Images can represent a splice of reality from the other side of the world, mirror truths about ourselves and our collective humanity we can hardly bear to face. But we can also use them to recognise the patterns of dehumanisation that have manifested throughout history, and prevent their awful conclusions in the present. To rewrite in real time our most shameful histories before they are re-made on the world stage and in our social media feeds.

*

During the Iraq war, Rebecca Solnit wrote:

Imagine the world as a theatre. The acts of the powerful and the official occupy centre stage. The traditional versions of history, the conventional sources of news encourage us to fix our gaze on that stage.

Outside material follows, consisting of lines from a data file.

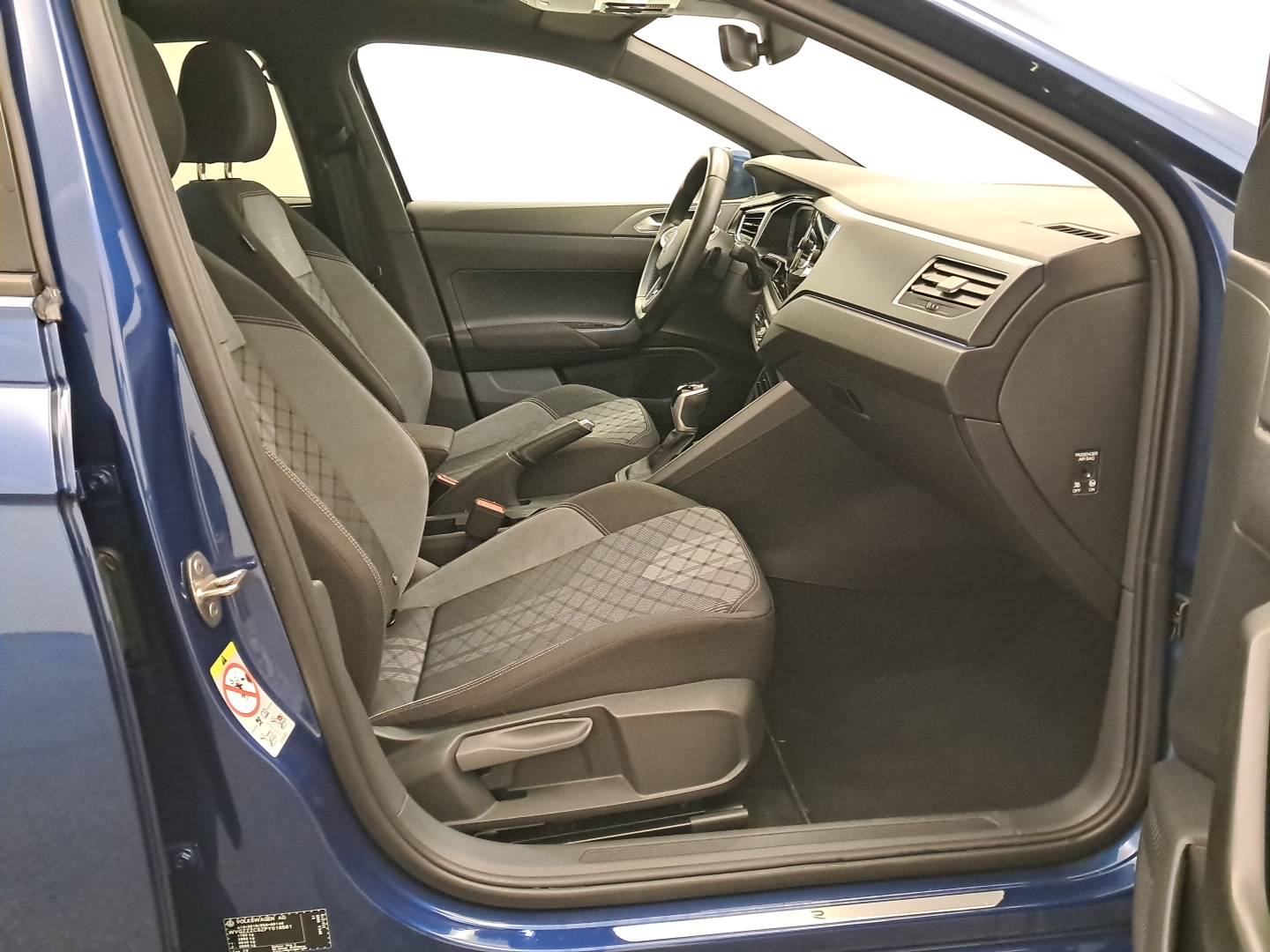 Taigo 1.5 TSI 150 DSG7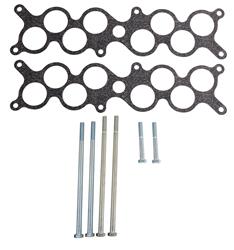 Trick Flow® EFI Heat Spacer Hardware and Gasket Kits TFS-5152HK18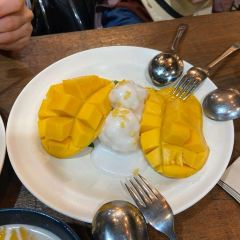 Mango Tango User Photo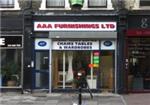 AAA Furnishings - London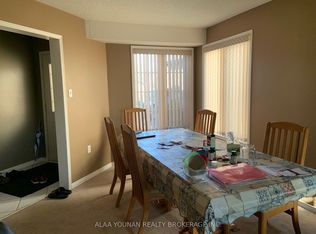 35 Nightingale Cres, Barrie, ON L4N 8A5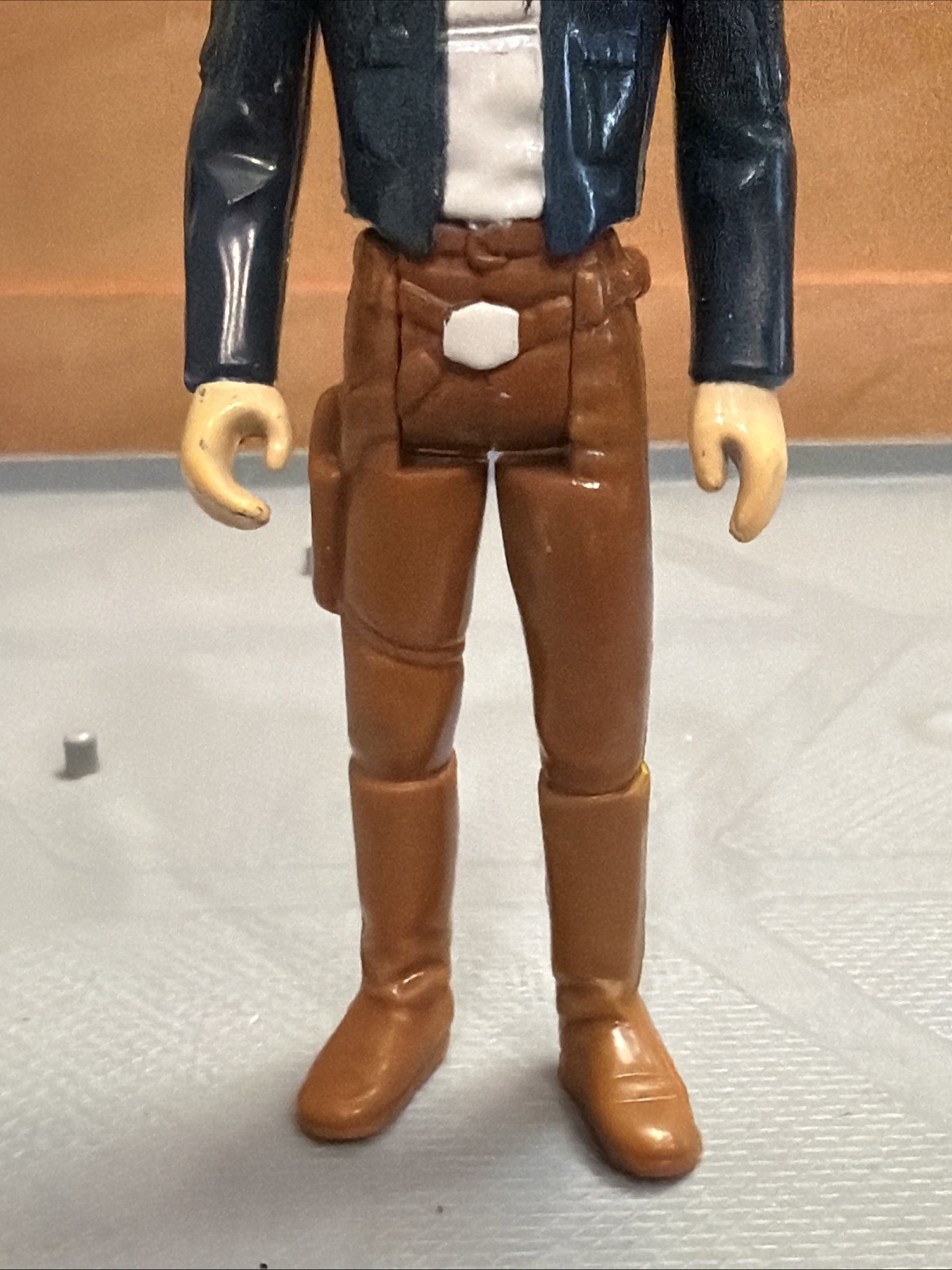 Han Solo (Bespin Outfit) sold
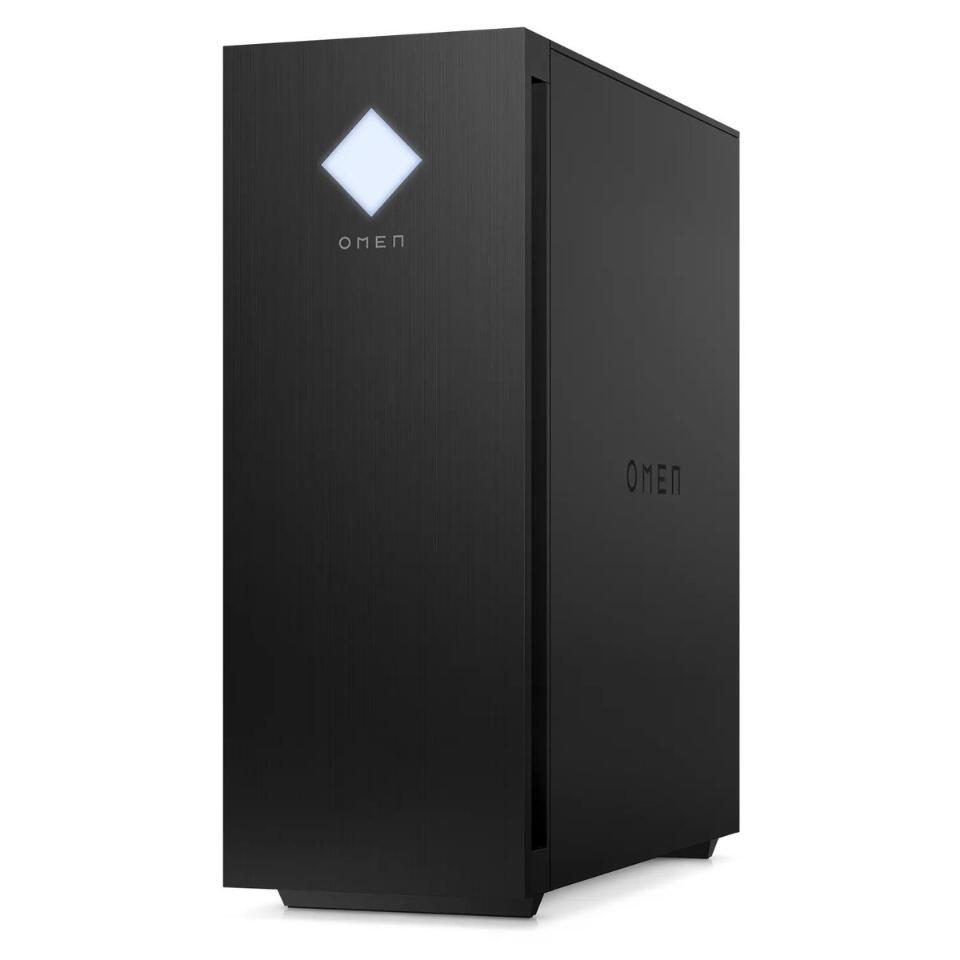 HP | エイチピー OMEN 25L Gaming GT15-1777jp 8Y9E2PA#ABJ [新品 デスクトップ /Windows11 Home /Core i7 /メモリ：16GB /M.2：1TB][送料無料]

On 21 November 2023, one such stage was my local council meeting, where Councillors were voting on a motion for a ceasefire. Councillors sat in a “U” formation up front, separated by rope from the audience of local constituents in rows. There were no journalists present, no cameras. Some of us in the audience wore keffiyehs, some carried signs bearing the names and ages of children killed. We shed tears listening to local Palestinian and Jewish speakers, imploring Councillors to take a strong stance for an immediate ceasefire. The testimonies were devastating. But something strange was happening – the Councillors of the ruling party were cold and unmoved. From the audience we chanted ceasefire now! ceasefire now! but the ruling party’s Councillors could barely look at us. It was as if they couldn’t hear us, even as our shouts became deafening, even as they tried to call the room to order but couldn’t hear themselves speak and were forced to shut down the meeting. Finally, they voted against the motion urging a ceasefire. We were shocked – hadn’t they seen what we’d seen, heard the same testimonies from local Palestinian and Jewish community members we’d just heard? In the following days the Council put out a press release saying that the Council “resolved support for a ceasefire in Gaza”. We knew this to be gaslighting of the highest order – pure political theatre – weasel words from a ruling party that had taken a position at odds with its constituents and was in damage control.

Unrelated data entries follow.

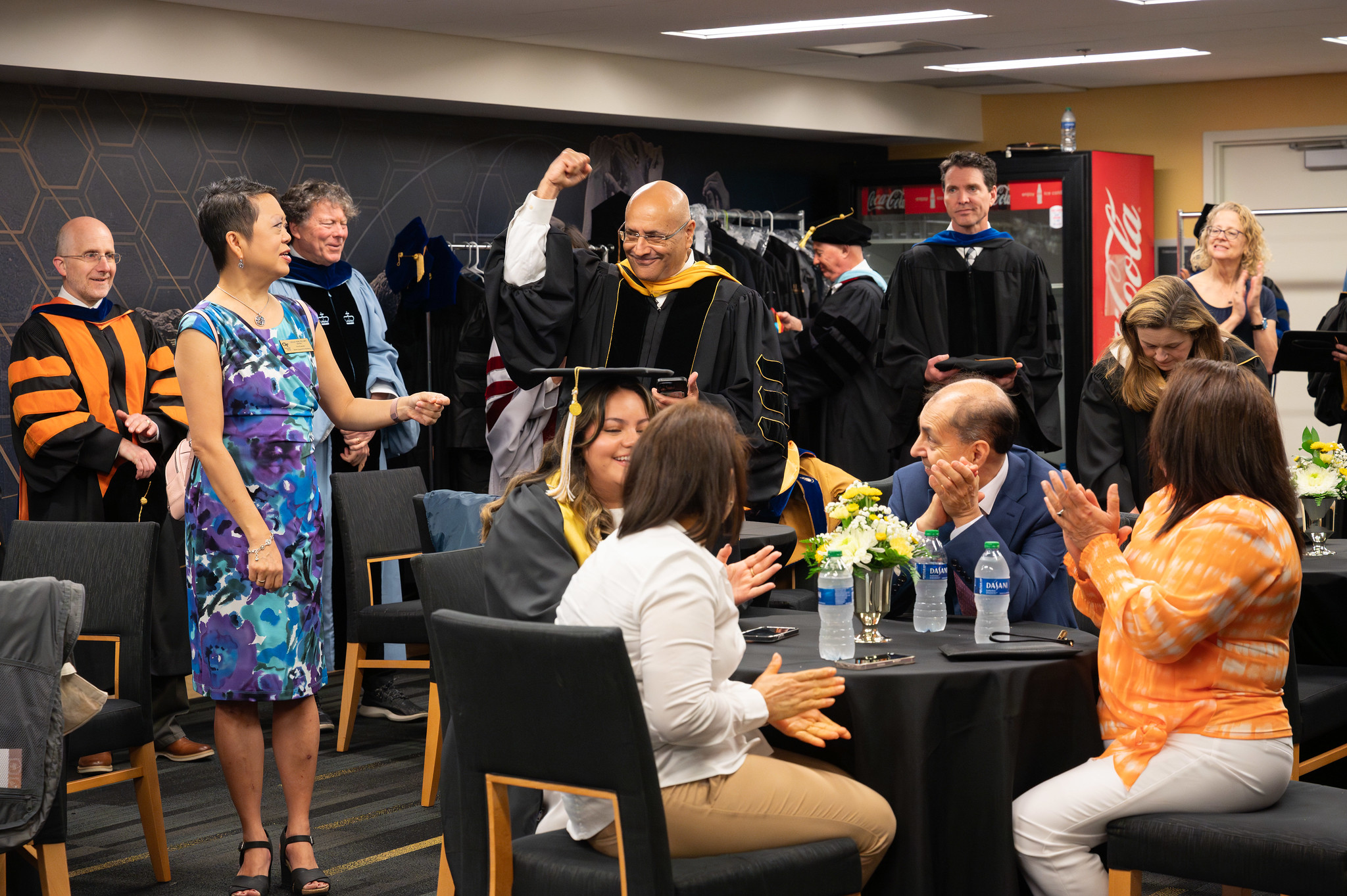 Georgia Tech Commencement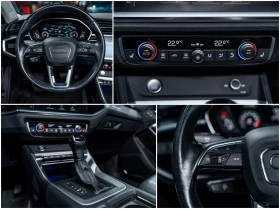 Audi Q3 45 Technik* Quattro* Bang&Olufsen - 28000 € / 54763.24 лв. - 35075558 12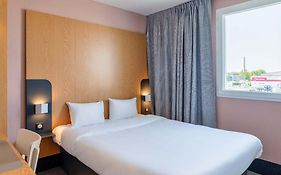 B&B Hôtel Lyon Eurexpo Chassieu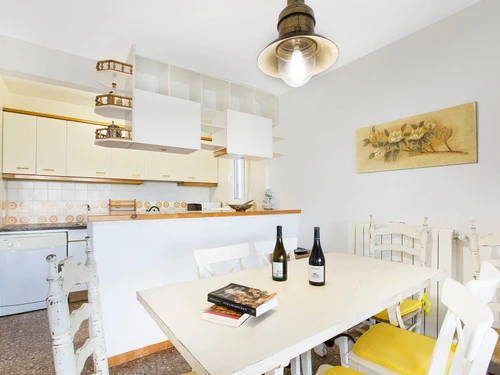 Appartement Calella de Palafrugell, 3 pièces, 5 personnes - photo_18949644256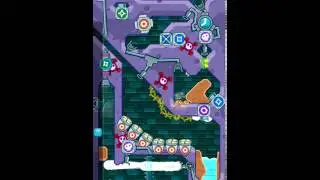 Where's my water? Hidden Level, 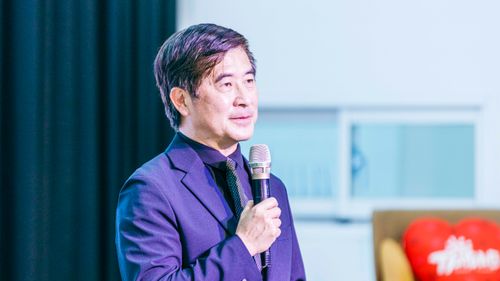 台東市衛生所空間優化改造　台灣設計研究院助設計公共場域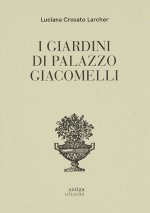 giardini di Palazzo Giacomelli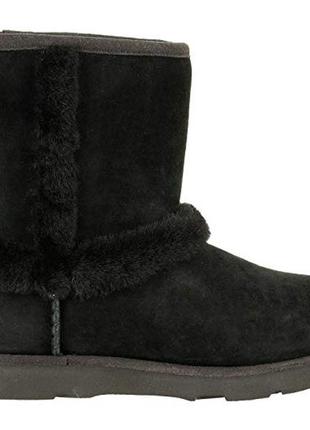 Зимові чоботи ugg australia, оригінал1 фото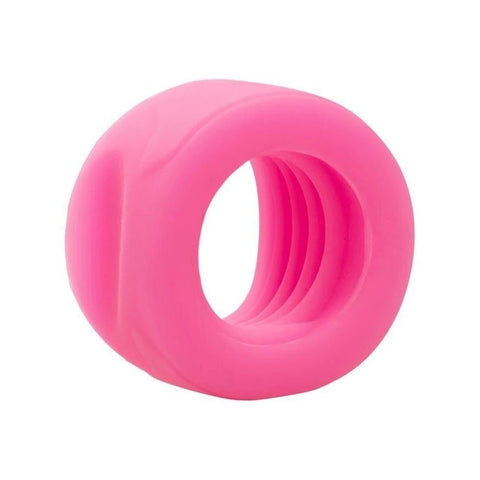 California Exotics Slop Top Filthy Luv Blowjob Stroker - Masturbators and Strokers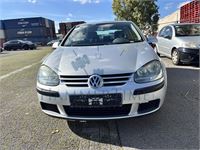 Volkswagen Golf 1.4i 16v B2b-Line, 2004 – foto 2 – kavel bij Hammertime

Writing about the fraught period after September 11, Arundhati Roy pointed out “a brighter side to the amount of energy and money the mainstream media pours into the business of “managing” public opinion. It suggests a very real fear of public opinion.” This was the idea that, if people can properly understand what is going on, “they might act on this knowledge.”

Solnit entreats us to not be blinded by the limelight focused on the stage, to learn to see in the dark:

Pay attention to the inventive arenas that exert political power outside that stage or change the content of the drama onstage. From the places that you have been instructed to ignore or rendered unable to see, come the stories that change the world, and it is here that culture has the power to shape politics and ordinary people have the power to change the world.

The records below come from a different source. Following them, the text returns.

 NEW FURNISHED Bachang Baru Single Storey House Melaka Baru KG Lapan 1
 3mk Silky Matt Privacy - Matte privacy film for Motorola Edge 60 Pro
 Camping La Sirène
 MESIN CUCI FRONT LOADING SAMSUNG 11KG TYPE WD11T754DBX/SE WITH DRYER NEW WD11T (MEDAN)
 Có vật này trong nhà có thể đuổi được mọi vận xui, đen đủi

What might happen if we, the audience, though our eyes are drawn to the stage lights, instead bring up the lights on each other?

Ten months into the attacks on Gaza and two months after the chief prosecutor of the International Criminal Court applied for arrest warrants against Hamas leaders along with Israeli Prime Minister Benjamin Netanyahu and Defence Minister Yoav Gallant for alleged war crimes, chilling images were broadcast globally of Netanyahu addressing the US Congress to thundering applause and standing ovations. But set against this shocking display was another powerful image: a lone protestor in the audience, silent and defiant, the first Palestinian American woman to serve in the US Congress, Rashida Tlaib. Keffiyeh draped around her shoulders, Tlaib held a small sign which said “War Criminal” on one side, “Guilty of Genocide” on the other. Outside, thousands protested for an end to the war.

Never has the theatre of the political and the powerful been so sharply divided from the rest of us, our leaders making statements that are utterly divorced from the reality we see and know in our bones to be true. As our shouts from the dark grow stronger, we are beginning to make out the faces of our fellow audience members, not only from across the room but across continents. Palestinian journalist Bisan Owda dedicated her Peabody award to those protesting globally:

Right now, we are destroying one of the occupation’s strongest tools by standing with each other worldwide.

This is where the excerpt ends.